Locale middleware issues with whitespaces and case sensitivity
andrykonchin opened this issue · 1 comments
Hi. I noticed there is a divergence between Accepted-Language
header documentation and formats supported by the Locale
middleware. TBH I am not sure which RFC to rely on and any advice is welcome.

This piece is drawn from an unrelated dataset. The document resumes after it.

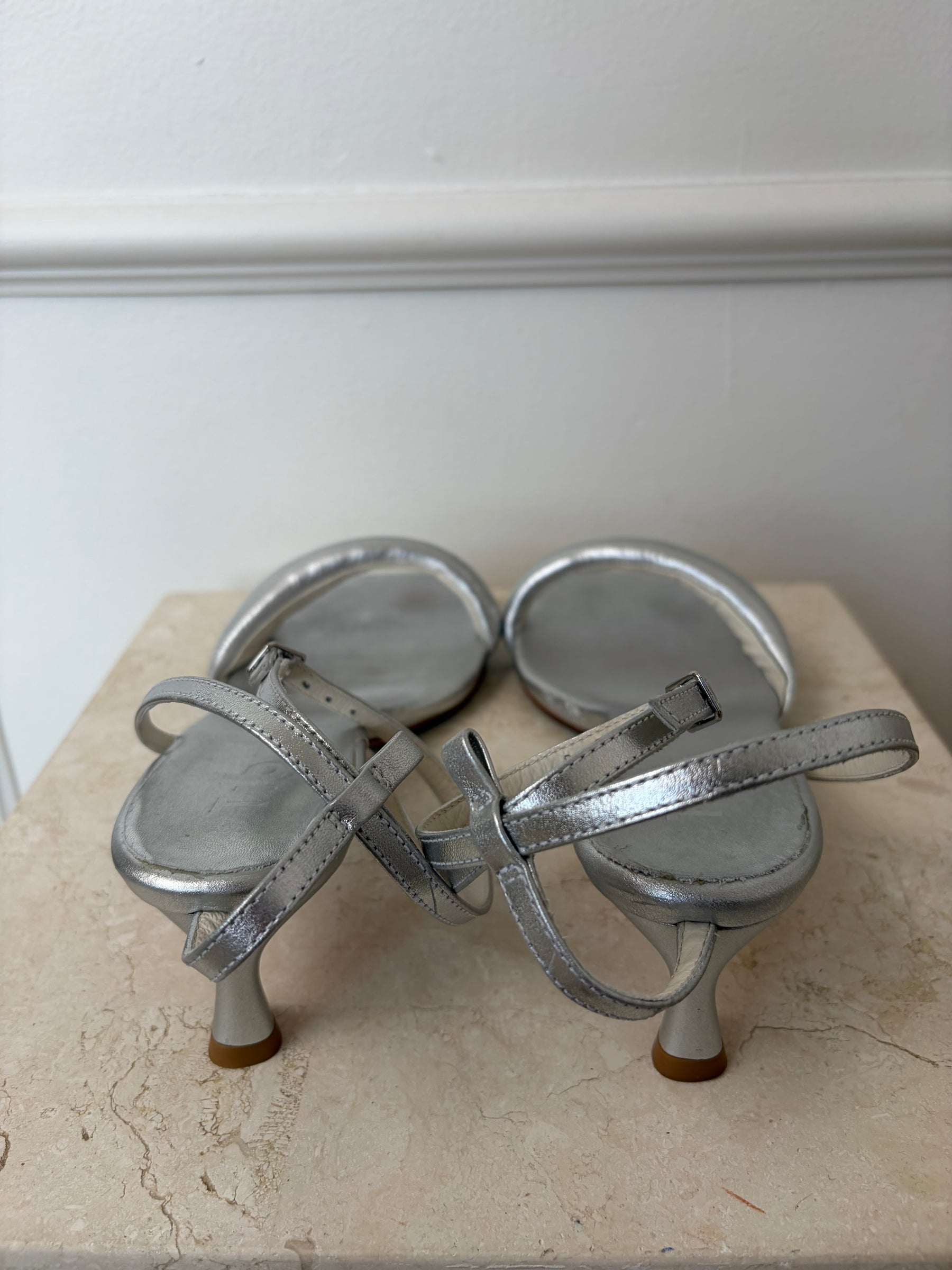 Tibi Silver Padded Leather Strappy Kitten Heel, 38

I would like to know which changes are acceptable. Also I am happy to provide pull requests with proper fixes.
Whitespaces
The Locale
middleware assumes that the header value contains whitespaces neither between colon separated values nor language tag and quality value:
Accept-Language: ru-RU,ru;q=0.9,en-US;q=0.8,en;q=0.7,uk;q=0.6
There are numerous examples (MDN, RFC2616) where whitespaces are present between language tags:
Accept-Language: da, en-gb;q=0.8, en;q=0.7
RFC 7231 describes the following header format:
Accept-Language = 1#( language-range [ weight ] )
language-range =
<language-range, see [RFC4647], Section 2.1>
where #
means a comma separated list with optional whitespaces (ABNF #rule extention):
1#element => element *( OWS "," OWS element )

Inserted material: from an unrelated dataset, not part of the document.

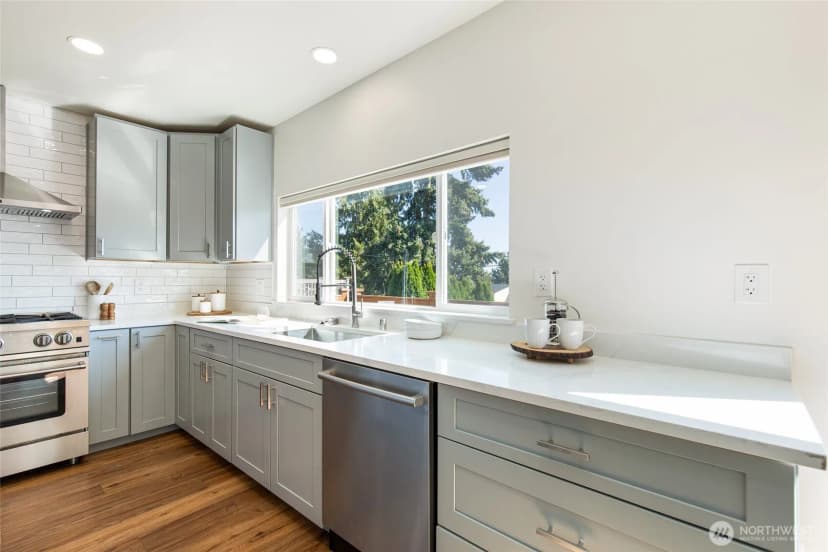 Property photo for 4010 35th Avenue Sw, Seattle photo 7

Actually it may not be a problem because both Firefox and Chrome send Accept-Language
without any whitespaces and Safari sends only one language tag. But InternetExplorer 11 sends a list with whitespaces, e.g.
Accept-Language: ru-UA, ru; q=0.8, uk; q=0.6, en-US; q=0.4, en; q=0.2
Whitespaces in quality value
The Locale
middleware assumes the ;q=
prefix doesn't contain whitespaces (and all the browsers looks like follow this convention). But RFC 7231 declares format with optional whitespaces
weight = OWS ";" OWS "q=" qvalue
qvalue = ( "0" [ "." 0*3DIGIT ] )
/ ( "1" [ "." 0*3("0") ] )
so this is a completely correct header value:
Accept-Language: en, en-gb ; q=0.8
Quality value is case insencitive
The Locale
middleware assumes q
name is downcased but according to the RFC 7231 it could be Q
.
Quality value 0
According to RFC 7231 q=0
means "not acceptable" but the Locale
middleware ignores this rule and can use this "not acceptable" locale.
Case insensitive matching
The RFC 4647 declares that language tags should be treated as case-insensitive. I suppose it means that checking whether language tag is included into I18n.available_locales
should be case insensitive as well. But it isn't.
It may not be a problem because it's a common convention to use the downcased language tag (en
) and uppercased subtag (en-US
). But there is a problem with Safari - it sends language wuth downcased subtag - en-us
I agree that all of the issues you've described are valid, and one or more PRs fixing them would be welcomed.